And I really don’t believe that collective strength is increased at all by Britain having an independent nuclear capability. Would the EU/Nato really have more influence if Germany had its own nuclear weapons? Or Italy? Or Spain?
I find it difficult to believe we are under any threat of nuclear attack that could be deterred by a replacement for Trident. Where is this threat of nuclear war supposed to be coming from?
Andrew “Mark, I wouldn’t say that the two statements are illogical. Surely in the first, if you read it within the paragraph, says that the language from “neo-cons” is pure rhetoric,”
I think the specific use of the words “Conservative Leader” in the first statement is the one intended to have political impact. I doubt that Dick Cheney reeads Ed Davey blog posts. He has probably never heard of Ed Davey and maybe he has never heard of the Liberal democrats. And probably never will.
I also take issue with 6the same point as Morus on the French and Nato (I think this was raised on Iain Dale’s blog a few hours ago). The French have always been an ally within NATO, and there has always been extensive liaison between NATO-commanded and French forces even if they don’t share joint command. To misunderstand the military relationship with our closest neighbour is lamentable in any senior party spokesman. From a so-called Foreign Affairs spokesman it is truly pathetic.
On Trident, I agree it is non-sensical for the government to make a decision to replace it before the 2010 talks.
I also take issue with the idea of an ‘independent nuclear deterrent’. Either our forces have independent weapons systems or we have nuclear weapons, however in neither case would this amount to an effective ‘deterrent’.
Possession of nuclear weapons only amounts to an ability and incentive to enforce global defence coordination, because any non-cooperation is the initiation of an arms race where all sides are railroaded into confrontation which will escalate to the point of terrifying destruction unless PREVENTATIVE action is taken (pre-emptive intervention is the last resort on the highway to calamity).
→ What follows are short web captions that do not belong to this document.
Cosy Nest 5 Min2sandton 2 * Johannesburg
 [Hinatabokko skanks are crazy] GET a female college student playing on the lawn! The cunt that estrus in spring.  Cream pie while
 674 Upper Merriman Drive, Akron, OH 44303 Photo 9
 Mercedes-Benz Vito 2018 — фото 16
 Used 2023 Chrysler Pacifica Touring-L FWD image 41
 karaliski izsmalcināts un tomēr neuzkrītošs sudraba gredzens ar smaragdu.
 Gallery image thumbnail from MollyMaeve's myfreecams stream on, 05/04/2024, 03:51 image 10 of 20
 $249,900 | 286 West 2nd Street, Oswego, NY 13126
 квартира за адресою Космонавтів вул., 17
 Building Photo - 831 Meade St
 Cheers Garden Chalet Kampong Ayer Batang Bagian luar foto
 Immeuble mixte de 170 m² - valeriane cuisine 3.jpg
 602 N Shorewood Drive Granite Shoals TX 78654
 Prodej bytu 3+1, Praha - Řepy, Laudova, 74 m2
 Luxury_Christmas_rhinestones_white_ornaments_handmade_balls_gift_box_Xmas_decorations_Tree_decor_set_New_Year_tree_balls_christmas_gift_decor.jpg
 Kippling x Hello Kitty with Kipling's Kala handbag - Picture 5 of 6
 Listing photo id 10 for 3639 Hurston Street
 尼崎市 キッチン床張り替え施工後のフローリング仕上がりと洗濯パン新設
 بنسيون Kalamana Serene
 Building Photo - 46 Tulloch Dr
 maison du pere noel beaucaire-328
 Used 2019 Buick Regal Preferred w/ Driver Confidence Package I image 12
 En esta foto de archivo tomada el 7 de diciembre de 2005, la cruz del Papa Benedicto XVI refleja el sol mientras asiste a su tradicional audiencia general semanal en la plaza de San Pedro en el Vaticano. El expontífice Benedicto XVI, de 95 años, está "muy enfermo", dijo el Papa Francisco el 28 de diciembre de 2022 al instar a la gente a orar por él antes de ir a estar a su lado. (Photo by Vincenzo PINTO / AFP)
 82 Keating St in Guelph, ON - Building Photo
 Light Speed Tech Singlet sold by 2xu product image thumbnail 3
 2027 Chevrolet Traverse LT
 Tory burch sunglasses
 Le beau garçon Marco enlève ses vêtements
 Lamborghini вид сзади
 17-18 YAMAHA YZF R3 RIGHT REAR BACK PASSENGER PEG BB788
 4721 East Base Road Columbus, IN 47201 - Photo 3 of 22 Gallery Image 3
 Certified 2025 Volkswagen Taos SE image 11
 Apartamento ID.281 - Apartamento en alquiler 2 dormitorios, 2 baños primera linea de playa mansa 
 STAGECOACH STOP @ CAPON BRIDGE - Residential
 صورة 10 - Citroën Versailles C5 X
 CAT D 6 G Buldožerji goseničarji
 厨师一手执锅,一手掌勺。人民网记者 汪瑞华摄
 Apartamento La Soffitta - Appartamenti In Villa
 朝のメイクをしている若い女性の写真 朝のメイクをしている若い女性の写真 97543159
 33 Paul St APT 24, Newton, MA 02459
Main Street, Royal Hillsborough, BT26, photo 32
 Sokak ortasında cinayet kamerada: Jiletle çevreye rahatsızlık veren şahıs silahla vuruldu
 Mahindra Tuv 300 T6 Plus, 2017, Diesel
Possession of nuclear arms does not indicate any legitimacy of dissent, but an acceptance of the duty to reach agreement.
In this the only logical and coherent course of action is our pro-active and progressively integrationist policy towards the EU and the UN – nothing else either attempts or is capable of healing the divisions which exist currently across the world.
The Georgian conflict highlights how the UK government has sat on its hands for 17 years and let this festering wound turn septic. For David Cameron to make a visit to the region suggests the onset of gangrene.
We don’t need another internal departmental review, we need a real opportunity to debate the consequences of failed Labour and Conservative policy in order to show that we have the solutions.
“So how do we impress Putin and Medvedev, so that they are deterred from such aggression in the future?”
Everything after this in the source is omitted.